# EXERCISE BRIEF
Retype each line of the listing below, from the first through the one holding "常春藤室内吊篮盆栽植物.新房装修吸净化空气除雾霾花卉植物", with no other lines.
─── TASK INPUT ───
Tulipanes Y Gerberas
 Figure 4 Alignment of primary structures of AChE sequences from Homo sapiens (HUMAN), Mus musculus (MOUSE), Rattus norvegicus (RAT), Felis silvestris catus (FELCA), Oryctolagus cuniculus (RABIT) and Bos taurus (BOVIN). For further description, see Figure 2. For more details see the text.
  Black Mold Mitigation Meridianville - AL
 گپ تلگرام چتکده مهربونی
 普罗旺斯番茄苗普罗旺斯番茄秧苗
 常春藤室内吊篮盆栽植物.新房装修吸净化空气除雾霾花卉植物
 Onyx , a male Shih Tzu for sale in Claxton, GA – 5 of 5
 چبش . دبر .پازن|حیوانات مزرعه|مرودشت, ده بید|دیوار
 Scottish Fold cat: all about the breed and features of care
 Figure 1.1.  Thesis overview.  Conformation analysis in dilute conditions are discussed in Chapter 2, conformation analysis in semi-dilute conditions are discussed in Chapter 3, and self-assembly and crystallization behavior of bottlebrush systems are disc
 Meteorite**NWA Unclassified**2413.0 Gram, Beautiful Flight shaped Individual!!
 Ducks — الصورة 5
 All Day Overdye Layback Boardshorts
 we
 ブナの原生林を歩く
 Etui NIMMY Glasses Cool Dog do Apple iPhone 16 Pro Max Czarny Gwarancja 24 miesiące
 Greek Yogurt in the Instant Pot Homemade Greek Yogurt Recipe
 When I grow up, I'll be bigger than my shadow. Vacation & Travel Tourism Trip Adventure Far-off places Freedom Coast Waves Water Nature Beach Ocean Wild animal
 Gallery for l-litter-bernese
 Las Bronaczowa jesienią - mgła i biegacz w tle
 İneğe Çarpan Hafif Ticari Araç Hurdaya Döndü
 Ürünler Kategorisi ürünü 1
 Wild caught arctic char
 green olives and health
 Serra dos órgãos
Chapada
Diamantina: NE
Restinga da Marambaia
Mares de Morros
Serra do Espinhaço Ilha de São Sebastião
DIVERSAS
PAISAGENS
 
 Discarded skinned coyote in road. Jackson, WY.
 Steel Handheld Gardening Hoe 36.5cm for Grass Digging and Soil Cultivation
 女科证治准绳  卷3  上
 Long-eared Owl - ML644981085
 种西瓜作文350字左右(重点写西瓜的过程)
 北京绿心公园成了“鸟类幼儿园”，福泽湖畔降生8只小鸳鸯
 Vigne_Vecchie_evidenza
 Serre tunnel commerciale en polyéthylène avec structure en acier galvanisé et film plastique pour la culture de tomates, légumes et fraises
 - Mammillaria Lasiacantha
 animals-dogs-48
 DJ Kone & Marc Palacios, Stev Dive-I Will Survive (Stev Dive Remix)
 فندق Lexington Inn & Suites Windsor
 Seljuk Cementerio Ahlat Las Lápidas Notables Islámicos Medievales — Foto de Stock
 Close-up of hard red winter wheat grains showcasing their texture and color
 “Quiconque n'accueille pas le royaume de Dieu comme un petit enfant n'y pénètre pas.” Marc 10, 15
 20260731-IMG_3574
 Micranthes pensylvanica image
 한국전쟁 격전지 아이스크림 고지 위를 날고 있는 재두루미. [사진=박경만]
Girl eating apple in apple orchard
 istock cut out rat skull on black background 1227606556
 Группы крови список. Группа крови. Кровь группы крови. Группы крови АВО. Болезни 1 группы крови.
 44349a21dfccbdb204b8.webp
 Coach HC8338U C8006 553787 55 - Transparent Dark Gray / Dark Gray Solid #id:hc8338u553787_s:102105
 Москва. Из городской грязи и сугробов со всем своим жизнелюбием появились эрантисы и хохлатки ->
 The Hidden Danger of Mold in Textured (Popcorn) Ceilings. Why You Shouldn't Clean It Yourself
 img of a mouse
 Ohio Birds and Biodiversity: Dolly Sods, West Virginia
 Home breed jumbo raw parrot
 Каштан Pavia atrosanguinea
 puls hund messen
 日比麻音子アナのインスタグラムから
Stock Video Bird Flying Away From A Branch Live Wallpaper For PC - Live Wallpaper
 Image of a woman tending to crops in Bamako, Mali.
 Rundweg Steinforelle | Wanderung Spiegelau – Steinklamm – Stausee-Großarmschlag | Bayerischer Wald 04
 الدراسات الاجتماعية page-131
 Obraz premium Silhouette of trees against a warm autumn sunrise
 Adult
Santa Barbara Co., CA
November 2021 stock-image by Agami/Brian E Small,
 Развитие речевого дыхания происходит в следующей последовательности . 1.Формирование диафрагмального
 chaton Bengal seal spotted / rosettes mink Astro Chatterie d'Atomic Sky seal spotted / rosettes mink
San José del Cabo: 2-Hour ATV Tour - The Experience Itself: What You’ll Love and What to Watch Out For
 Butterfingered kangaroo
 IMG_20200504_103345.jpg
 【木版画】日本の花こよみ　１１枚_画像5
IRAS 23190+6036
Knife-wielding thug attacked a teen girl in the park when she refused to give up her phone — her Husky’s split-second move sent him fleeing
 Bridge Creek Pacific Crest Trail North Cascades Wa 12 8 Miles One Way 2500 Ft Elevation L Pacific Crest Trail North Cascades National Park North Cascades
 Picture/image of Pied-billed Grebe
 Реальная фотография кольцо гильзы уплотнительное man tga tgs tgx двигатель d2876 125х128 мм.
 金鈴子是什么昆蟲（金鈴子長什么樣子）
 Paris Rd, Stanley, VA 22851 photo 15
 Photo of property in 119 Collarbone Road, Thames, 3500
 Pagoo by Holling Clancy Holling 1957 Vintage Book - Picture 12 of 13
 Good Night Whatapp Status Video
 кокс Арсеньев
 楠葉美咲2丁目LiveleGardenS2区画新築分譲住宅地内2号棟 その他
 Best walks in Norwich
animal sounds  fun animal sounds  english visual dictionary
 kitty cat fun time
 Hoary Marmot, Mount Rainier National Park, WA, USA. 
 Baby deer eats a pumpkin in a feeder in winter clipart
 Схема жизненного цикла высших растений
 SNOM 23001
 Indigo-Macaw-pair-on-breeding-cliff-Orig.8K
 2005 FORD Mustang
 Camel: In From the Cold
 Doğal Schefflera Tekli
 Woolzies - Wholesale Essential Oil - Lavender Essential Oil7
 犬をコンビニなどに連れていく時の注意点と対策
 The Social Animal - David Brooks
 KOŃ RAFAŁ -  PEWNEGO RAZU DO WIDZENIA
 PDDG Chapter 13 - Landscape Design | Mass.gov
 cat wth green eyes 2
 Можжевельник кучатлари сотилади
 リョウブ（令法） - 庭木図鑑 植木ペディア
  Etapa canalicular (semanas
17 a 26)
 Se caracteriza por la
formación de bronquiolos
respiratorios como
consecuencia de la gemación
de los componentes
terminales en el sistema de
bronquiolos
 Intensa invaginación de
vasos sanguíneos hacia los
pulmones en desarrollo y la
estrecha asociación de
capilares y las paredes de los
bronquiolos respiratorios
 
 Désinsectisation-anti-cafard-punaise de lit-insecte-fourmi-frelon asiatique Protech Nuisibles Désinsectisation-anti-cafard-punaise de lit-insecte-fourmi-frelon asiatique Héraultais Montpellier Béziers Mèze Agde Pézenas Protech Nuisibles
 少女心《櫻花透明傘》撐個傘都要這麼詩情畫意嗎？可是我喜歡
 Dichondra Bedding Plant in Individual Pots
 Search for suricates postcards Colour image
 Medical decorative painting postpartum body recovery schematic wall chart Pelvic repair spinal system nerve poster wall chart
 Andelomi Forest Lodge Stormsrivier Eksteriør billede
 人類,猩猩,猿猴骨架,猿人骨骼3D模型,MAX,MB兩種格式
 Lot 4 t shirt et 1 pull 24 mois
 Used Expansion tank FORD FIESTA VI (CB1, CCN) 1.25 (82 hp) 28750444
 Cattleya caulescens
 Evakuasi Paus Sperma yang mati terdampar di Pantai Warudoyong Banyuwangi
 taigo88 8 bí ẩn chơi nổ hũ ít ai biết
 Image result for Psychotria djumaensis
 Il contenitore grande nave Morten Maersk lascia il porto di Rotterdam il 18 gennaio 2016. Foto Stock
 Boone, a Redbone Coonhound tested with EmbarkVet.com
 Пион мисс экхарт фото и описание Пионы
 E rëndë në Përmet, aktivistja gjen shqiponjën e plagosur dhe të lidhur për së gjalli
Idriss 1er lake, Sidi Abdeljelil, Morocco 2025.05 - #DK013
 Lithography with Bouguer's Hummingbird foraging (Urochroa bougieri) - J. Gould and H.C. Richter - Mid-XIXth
───
# SOLUTION FOR THIS TASK
Tulipanes Y Gerberas
 Figure 4 Alignment of primary structures of AChE sequences from Homo sapiens (HUMAN), Mus musculus (MOUSE), Rattus norvegicus (RAT), Felis silvestris catus (FELCA), Oryctolagus cuniculus (RABIT) and Bos taurus (BOVIN). For further description, see Figure 2. For more details see the text.
  Black Mold Mitigation Meridianville - AL
 گپ تلگرام چتکده مهربونی
 普罗旺斯番茄苗普罗旺斯番茄秧苗
 常春藤室内吊篮盆栽植物.新房装修吸净化空气除雾霾花卉植物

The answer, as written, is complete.